We do understand this behavior: the poet’s
attempt to gaze inward trumped by the need to make a model of all that must be
looked at and consumed en route. Andrea
Baker’s Like Wind Loves a Window encompasses that distraction in 56
sound yet scattershot pages—a prose-poem preface and three sections titled “gilda,” “bird,” and “body,”—and reading it is not unlike
trying to write a poem: the fight to move through the mind’s noise in hopes of
somehow making it back to the self.
Baker watches
herself and gets watched in turn so that her efforts at explication are quickly
unraveled. While her steady prose spreads through the book’s first section, it
intersects eventually with the shifty lines that break through the rest—often
only a quick smattering of words to a page, reluctant to offer a foothold:
“birds hang / Suspended / Like a bird hangs.” What she means to explain pulls
out of her reach so it’s unrecognizable: “pull your face off / from the
tattooed face // my broken egg eyes.”
But she finds her
fuel in the wild-goose-chase nature of her ideals, and what’s so enjoyable
about reading this book is watching that dynamic unfold. She chases down definition
and desire, all the while decorating the poems with obstacles.
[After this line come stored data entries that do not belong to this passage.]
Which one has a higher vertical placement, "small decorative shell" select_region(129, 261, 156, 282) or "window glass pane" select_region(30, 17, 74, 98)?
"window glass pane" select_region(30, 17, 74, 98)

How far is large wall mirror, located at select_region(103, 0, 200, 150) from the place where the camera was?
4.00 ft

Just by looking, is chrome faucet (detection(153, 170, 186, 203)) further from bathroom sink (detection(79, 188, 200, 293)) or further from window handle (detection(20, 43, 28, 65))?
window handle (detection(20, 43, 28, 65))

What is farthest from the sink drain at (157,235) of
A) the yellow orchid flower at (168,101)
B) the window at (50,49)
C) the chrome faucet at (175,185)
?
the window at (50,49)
She tinkers in “gilda,” like she means to crack the code of herself but is
constantly sidetracked by her own ornamentation. She catches and obsesses on
her models, as if to say, This is not the real me, only my reflection: “the
former yellow house hung as an ornament from a ceiling / all the cars were all
in hiding / but the rooms had nowhere to go // and the center room was
surrounded / by other rooms / so it had nowhere to go.” She blockades her
senses: “ghost out my sight.” She insists on occupying only the figurative:
“make me a bird / things are getting out
of control.” (It’s worth noting, too, that the third section contains four
poems titled “not a bird,” possibly in frustration: Not a model. Not a mirror.
This is actually me.)
In the final
section, “body,” Andrea Baker cops to her own devices: “every sight is an
instrument / to absorb us.” The
diversions she’s inhabited
now act as sustenance, as if her own need to be fed is replaced by that of her
loved ones: “I feed you / all my little chairs…I feed you the round empty /
spree of your mouth.” It’s a satisfying conclusion in that Baker has in no way
renounced her distractions but seems to celebrate them. Once again, we do understand this behavior. It offers
some hope about turning chaos into form, harnessing obsession with a poem’s
visceral elements, and allowing that obsession finally to feed the poem, the
way “the window waits to be fed / one minute more.”